In both cases the receivable or payable that the original document raised is brought back to zero, leaving only the real movement of cash. You don't book any of this by hand — recording the payment is enough.

You can't plain-cancel a paid document

An unpaid invoice or bill can be cancelled outright — nothing has settled, so it just goes away. But once a document is paid, plain cancellation is blocked.

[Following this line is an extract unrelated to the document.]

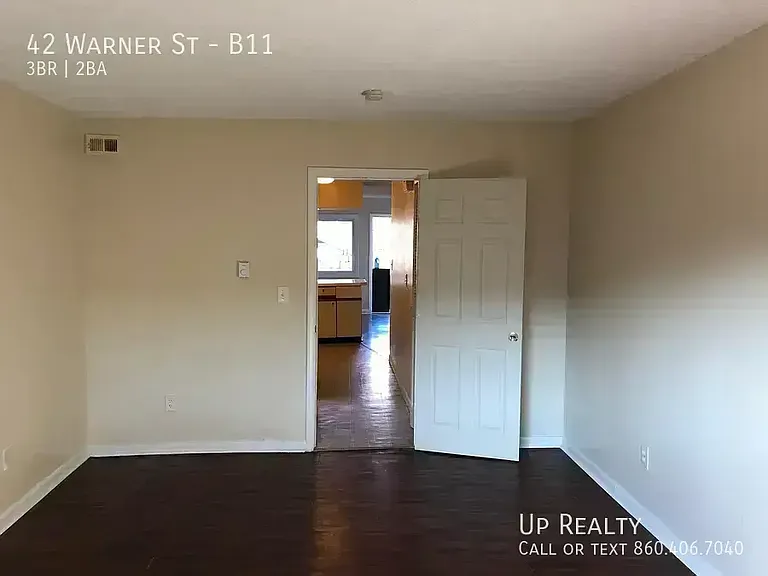 42 Warner St #B11 — Photo 2
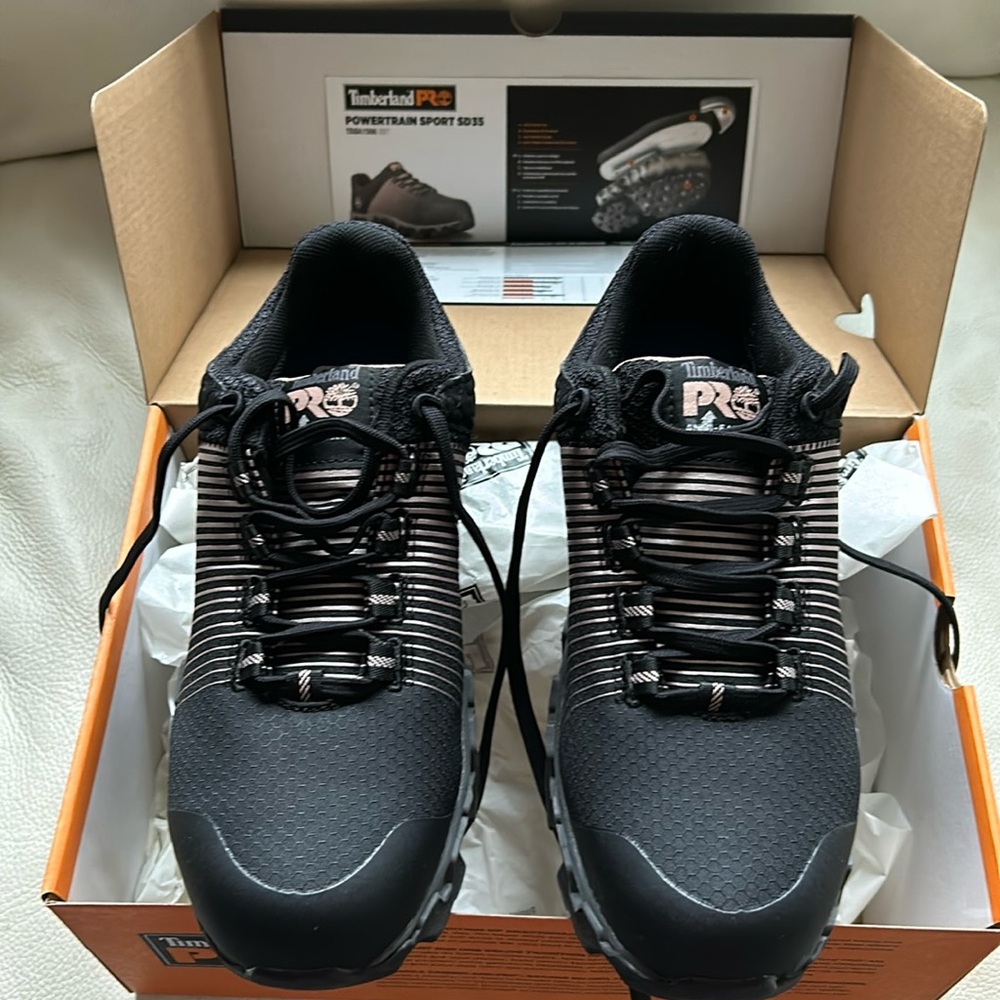 Women’s Timberland Pro Powertrain Sport SD35
Alloy Safety Toe Shoes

Cancelling a paid invoice on its own would leave the books wrong — the payment would still sit in your bank with nothing to explain it. So Kiravy stops you and points you at Refund / void instead, which unwinds the payment as well as the invoice.

Refund / void

On a paid document's detail page, the Refund / void button is the proper way to undo it. One click does the whole unwind:

  1. It reverses the payment — the money is taken back out of (or back into) the bank account.
  2. It reverses the invoice or bill — the receivable or payable it raised is undone.
  3. It records a refund so there's an explicit record of money returned, not just a guess from the figures.
  4. It marks the document cancelled.

The result: every account returns to exactly where it was before the document ever existed — bank, receivable or payable, revenue, and SST all back to their starting point. And because this is done with reversals rather than deletions, the original invoice and payment stay visible alongside their reversals, so the full "raised, paid, then refunded" trail is on the record. That's also why a refund works even when the original sits in a locked period — the reversal is booked in the current open month.

If the original sale was a validated e-invoice on MyInvois, refunding it in Kiravy also files the matching credit-note e-invoice to MyInvois automatically, referencing the original invoice's UUID. This only runs when the original e-invoice is validated — if it was never submitted or not yet validated, the refund still cleans up your books and you can file the credit note later from the MyInvois flow.